A calibrated model is especially important in medicine, finance, autonomous systems, and other high-risk settings.

### Common Mistakes

The most common mistakes are:

| Mistake | Correct approach |
|---|---|
| Applying softmax before `CrossEntropyLoss` | Pass raw logits |
| Applying sigmoid before `BCEWithLogitsLoss` | Pass raw logits |
| Using softmax for multi-label classification | Use independent sigmoid outputs |
| Applying softmax over the batch axis | Apply over the class axis |
| Treating logits as probabilities | Convert only when needed |
| Computing softmax before `argmax` | Use logits directly |

These mistakes often do not cause immediate runtime errors, but they can damage training.

### Practical Guidance

Use no activation on the final layer when training with `nn.CrossEntropyLoss`. Pass raw logits.
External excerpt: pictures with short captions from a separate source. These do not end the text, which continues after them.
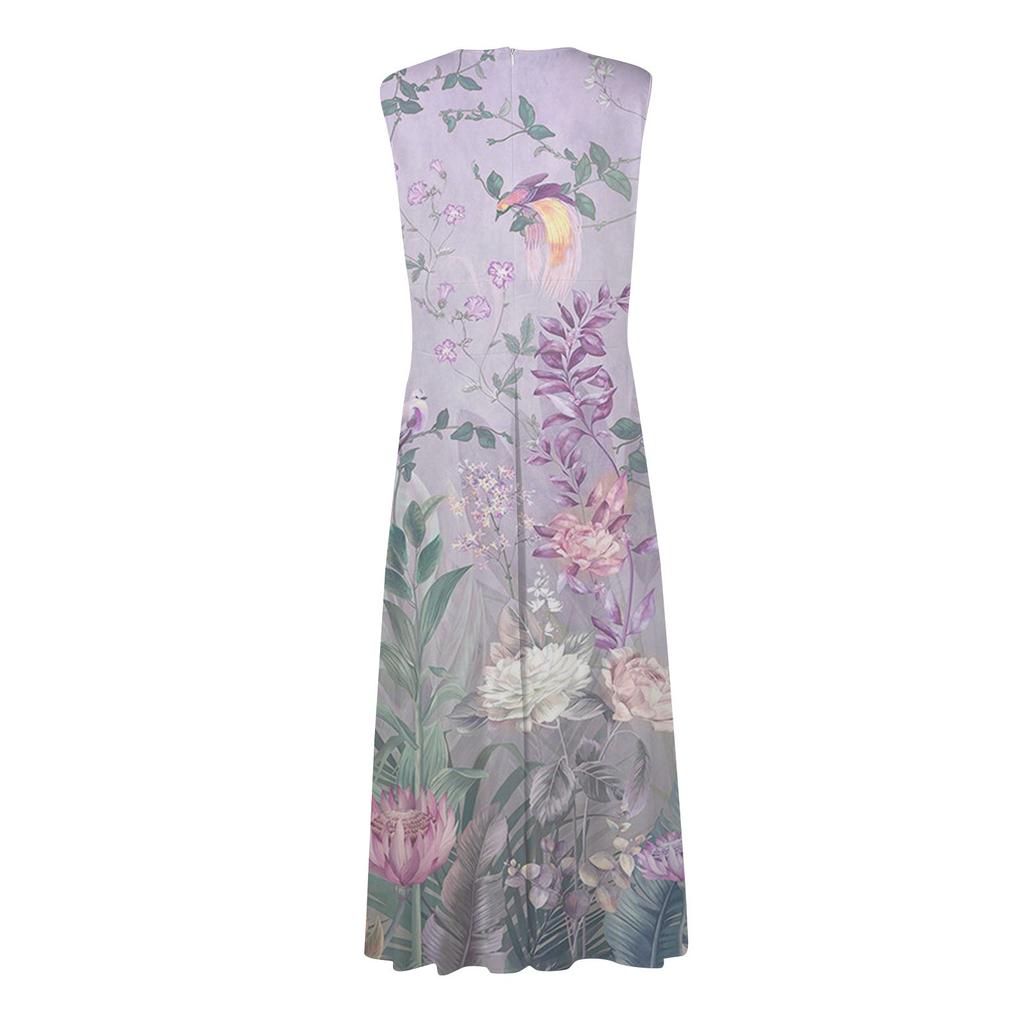 Rochie leagăn cu mânecă scurtă, ocazională, cu imprimeu floral, de vară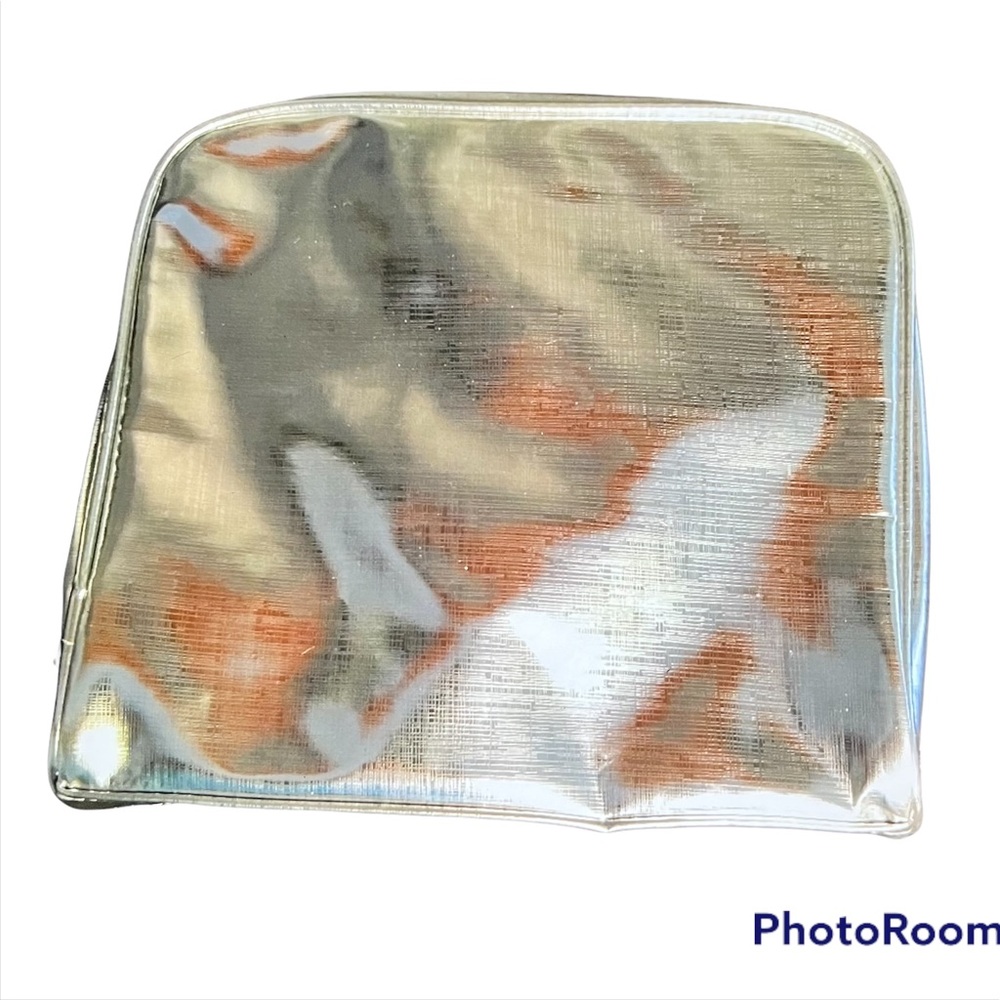 NIB BeautiControl Silver Zippered Cosmetic Case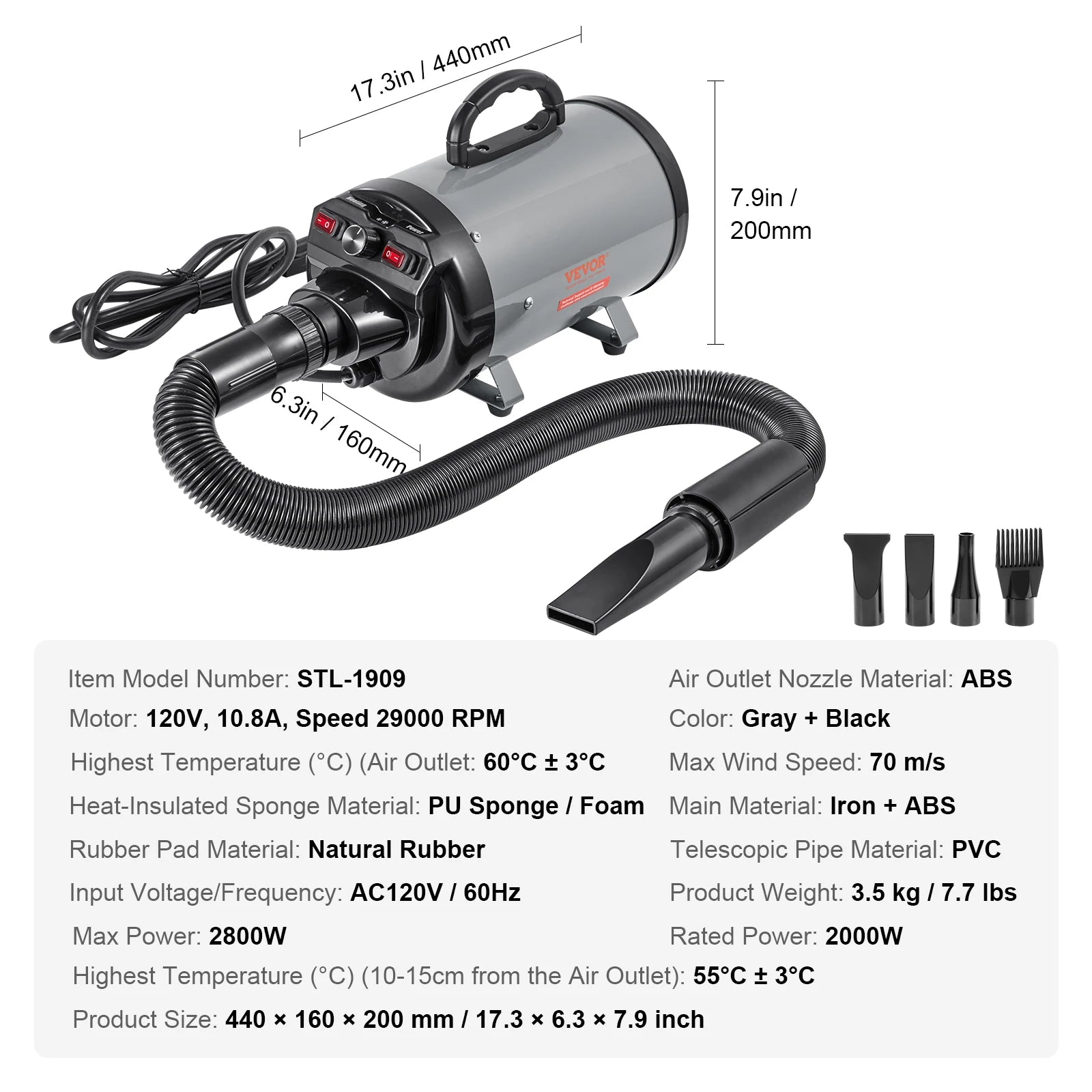 00W/ Dryer Adjustable Speed Temperature Control with 4 Nozzle and Extendable Hose for Pet Hair Grooming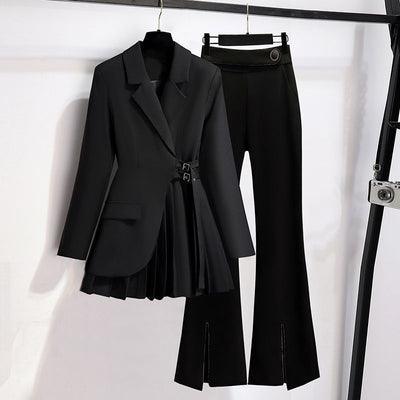 Graceful Suit Jacket Fat Girl Casual Pants Two-piece Set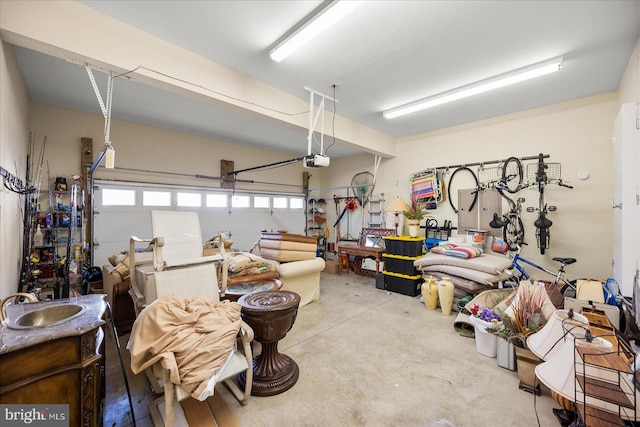 garage with sink and a garage door opener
Use no sigmoid on the final layer when training with `nn.BCEWithLogitsLoss`. Pass raw logits.

Use `softmax` only for inspection, probability output, sampling, calibration, or attention weights.

Use `argmax` on logits when only the predicted class is needed.

For mutually exclusive classes, use softmax. For independent labels, use sigmoid.

### Exercises

1. Given logits \([2, 1, 0]\), compute the softmax probabilities.

2. Explain why subtracting the maximum logit does not change the softmax output.

3. Implement multi-class classification with `nn.CrossEntropyLoss` and verify that no softmax layer is needed.

4. Implement multi-label classification with `nn.BCEWithLogitsLoss`.

5. Compare softmax outputs with temperatures \(T=0.5\), \(T=1\), and \(T=2\).